**Your assignment**. Every line that contains the word "Funny" is to be copied from the listing.

**Data listing**.
◇ ◇ ◇ ◇ ◇

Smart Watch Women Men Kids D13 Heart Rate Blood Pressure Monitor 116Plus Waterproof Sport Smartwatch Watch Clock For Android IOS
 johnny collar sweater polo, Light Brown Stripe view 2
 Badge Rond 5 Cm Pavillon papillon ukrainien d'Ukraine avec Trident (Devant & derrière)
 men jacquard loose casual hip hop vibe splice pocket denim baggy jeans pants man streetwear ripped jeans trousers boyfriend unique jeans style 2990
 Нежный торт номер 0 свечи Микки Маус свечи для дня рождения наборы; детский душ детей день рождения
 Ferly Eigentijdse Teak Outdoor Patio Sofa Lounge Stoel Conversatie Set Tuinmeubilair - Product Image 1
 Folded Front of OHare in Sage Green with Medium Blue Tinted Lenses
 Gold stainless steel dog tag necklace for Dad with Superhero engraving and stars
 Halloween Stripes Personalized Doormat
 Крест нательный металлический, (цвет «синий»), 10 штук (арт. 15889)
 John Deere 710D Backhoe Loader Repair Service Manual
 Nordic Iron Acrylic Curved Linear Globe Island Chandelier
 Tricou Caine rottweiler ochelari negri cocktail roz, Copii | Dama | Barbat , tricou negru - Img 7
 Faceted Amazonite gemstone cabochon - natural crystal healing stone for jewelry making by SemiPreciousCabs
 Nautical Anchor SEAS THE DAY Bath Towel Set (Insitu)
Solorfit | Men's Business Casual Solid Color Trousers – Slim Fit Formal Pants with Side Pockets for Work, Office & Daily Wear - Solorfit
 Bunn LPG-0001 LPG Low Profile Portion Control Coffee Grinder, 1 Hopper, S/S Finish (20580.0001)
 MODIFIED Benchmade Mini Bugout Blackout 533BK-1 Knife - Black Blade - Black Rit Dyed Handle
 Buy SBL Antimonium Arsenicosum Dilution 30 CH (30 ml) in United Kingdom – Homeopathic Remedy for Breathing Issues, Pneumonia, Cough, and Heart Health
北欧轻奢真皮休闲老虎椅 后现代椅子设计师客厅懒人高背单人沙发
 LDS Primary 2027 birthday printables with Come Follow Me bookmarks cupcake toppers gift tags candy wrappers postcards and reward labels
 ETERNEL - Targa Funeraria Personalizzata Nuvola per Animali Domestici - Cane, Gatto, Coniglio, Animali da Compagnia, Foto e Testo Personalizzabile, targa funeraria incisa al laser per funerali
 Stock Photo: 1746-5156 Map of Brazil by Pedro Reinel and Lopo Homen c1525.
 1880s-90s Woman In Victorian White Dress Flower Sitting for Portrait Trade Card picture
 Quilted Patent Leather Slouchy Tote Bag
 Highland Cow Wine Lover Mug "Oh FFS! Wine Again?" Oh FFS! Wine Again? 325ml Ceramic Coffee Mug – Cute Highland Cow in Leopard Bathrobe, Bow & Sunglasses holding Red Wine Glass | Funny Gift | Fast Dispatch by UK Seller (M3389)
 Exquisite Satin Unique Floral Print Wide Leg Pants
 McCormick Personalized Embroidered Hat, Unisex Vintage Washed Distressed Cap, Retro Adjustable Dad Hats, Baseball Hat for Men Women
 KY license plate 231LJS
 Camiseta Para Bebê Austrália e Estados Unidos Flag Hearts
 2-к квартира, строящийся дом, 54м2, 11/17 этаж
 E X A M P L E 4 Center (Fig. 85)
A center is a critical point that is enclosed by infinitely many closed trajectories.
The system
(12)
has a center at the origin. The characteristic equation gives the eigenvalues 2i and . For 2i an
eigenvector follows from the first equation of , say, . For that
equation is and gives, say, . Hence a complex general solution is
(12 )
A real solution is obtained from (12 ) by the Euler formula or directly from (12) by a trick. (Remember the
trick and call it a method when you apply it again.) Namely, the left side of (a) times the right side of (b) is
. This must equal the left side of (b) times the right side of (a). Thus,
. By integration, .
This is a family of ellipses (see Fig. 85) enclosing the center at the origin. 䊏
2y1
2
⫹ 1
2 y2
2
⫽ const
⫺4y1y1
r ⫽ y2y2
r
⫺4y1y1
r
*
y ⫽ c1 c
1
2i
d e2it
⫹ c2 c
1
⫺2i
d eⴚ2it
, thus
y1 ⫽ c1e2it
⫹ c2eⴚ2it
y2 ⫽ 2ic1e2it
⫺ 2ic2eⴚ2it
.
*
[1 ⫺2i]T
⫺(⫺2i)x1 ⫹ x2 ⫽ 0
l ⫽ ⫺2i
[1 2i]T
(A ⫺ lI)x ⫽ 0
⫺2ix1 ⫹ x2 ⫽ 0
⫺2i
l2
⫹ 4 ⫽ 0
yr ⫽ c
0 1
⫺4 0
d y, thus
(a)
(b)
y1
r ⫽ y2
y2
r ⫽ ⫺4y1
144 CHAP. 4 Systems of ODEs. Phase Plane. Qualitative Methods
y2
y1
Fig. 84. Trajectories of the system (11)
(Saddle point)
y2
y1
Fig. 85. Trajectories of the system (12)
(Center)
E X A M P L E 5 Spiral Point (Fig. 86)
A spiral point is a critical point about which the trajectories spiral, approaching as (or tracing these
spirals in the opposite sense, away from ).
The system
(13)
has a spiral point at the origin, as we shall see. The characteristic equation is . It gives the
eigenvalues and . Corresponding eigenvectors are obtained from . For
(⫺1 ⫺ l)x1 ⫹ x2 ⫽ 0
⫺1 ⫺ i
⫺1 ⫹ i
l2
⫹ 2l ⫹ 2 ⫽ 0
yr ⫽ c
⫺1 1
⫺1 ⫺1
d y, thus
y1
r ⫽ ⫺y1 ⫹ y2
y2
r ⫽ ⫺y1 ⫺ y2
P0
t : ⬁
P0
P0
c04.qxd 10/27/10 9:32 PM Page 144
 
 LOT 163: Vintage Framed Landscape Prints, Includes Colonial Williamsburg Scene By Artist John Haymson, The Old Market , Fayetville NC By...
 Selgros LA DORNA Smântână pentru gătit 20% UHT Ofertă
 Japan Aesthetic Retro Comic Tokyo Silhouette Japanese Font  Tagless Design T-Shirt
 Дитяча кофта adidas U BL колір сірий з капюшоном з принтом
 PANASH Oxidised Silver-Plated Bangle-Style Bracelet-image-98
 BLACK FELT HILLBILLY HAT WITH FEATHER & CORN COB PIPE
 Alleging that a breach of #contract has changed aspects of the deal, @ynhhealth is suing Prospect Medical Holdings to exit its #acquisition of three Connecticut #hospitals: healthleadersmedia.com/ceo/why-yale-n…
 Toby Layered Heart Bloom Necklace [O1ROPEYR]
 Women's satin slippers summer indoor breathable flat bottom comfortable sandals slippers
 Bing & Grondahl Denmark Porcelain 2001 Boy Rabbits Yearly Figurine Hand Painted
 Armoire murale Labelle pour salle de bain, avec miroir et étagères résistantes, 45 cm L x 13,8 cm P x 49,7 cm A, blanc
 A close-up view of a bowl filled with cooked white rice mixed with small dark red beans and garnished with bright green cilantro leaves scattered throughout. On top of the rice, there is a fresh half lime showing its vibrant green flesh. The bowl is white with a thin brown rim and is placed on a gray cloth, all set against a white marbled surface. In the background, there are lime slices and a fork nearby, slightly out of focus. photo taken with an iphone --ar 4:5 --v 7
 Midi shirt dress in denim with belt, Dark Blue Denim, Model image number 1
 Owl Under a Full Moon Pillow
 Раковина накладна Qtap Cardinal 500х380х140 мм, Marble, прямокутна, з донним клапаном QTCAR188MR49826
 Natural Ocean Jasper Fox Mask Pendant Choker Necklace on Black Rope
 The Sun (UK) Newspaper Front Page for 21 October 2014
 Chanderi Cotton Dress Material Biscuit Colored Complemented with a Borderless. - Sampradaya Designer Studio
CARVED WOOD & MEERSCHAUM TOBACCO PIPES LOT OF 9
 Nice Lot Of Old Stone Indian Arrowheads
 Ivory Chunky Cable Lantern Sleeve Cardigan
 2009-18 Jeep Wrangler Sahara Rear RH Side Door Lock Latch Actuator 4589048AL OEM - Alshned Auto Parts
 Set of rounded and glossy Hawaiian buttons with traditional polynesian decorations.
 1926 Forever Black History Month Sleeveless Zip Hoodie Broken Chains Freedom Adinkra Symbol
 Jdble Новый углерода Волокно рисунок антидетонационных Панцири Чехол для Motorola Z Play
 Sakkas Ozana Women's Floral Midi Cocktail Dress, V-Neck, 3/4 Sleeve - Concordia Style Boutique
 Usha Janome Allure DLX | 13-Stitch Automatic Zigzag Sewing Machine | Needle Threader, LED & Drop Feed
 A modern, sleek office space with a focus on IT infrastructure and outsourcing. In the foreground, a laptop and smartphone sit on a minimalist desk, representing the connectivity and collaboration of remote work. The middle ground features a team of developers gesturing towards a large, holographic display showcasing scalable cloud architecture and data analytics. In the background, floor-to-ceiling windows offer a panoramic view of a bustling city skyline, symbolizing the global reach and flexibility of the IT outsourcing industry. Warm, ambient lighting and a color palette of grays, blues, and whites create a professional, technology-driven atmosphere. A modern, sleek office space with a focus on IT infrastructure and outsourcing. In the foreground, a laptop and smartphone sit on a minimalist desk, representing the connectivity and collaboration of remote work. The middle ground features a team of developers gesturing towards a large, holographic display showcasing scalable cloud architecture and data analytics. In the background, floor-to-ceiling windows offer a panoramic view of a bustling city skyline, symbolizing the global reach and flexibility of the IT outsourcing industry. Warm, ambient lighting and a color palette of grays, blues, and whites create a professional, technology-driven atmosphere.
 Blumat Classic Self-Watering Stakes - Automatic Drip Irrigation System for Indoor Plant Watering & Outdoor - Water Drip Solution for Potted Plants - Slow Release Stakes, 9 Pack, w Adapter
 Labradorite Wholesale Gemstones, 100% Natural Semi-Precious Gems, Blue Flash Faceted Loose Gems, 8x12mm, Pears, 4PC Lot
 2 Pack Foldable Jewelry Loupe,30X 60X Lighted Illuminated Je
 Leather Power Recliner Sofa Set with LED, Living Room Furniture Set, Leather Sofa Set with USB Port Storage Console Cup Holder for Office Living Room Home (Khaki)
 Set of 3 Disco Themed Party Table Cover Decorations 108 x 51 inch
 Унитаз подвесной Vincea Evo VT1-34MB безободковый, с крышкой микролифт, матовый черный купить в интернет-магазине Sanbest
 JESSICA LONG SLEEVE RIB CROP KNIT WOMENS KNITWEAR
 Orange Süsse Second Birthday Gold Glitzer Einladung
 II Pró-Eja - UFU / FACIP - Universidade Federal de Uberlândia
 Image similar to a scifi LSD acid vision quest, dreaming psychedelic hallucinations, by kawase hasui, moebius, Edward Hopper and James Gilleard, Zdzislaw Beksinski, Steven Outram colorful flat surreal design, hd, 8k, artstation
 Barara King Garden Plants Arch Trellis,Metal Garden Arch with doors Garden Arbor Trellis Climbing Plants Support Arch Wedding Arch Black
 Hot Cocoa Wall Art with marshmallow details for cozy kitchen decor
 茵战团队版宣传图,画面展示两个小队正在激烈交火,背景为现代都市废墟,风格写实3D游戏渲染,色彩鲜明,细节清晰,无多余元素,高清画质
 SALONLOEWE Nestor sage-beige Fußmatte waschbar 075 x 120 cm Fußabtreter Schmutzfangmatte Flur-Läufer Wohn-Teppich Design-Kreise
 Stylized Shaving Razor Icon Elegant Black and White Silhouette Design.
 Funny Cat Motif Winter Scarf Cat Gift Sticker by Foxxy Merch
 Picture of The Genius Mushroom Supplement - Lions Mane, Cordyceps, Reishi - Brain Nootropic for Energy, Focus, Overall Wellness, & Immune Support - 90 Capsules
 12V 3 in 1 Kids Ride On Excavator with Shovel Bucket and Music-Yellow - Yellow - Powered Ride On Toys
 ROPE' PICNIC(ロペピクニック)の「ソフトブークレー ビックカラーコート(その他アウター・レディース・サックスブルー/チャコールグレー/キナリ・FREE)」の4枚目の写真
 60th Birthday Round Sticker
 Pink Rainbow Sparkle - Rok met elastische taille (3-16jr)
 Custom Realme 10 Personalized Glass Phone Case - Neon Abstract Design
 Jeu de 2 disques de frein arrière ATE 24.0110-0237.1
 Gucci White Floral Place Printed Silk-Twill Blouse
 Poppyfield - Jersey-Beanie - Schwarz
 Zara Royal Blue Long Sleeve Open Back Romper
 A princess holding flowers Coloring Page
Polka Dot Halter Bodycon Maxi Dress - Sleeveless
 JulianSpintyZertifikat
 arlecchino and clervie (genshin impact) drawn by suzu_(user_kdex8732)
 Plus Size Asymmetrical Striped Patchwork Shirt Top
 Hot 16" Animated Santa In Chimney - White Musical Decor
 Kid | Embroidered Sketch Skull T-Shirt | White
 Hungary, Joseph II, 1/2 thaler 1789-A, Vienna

◇ ◇ ◇ ◇ ◇

**Answer for the task**.
 Highland Cow Wine Lover Mug "Oh FFS! Wine Again?" Oh FFS! Wine Again? 325ml Ceramic Coffee Mug – Cute Highland Cow in Leopard Bathrobe, Bow & Sunglasses holding Red Wine Glass | Funny Gift | Fast Dispatch by UK Seller (M3389)
 Funny Cat Motif Winter Scarf Cat Gift Sticker by Foxxy Merch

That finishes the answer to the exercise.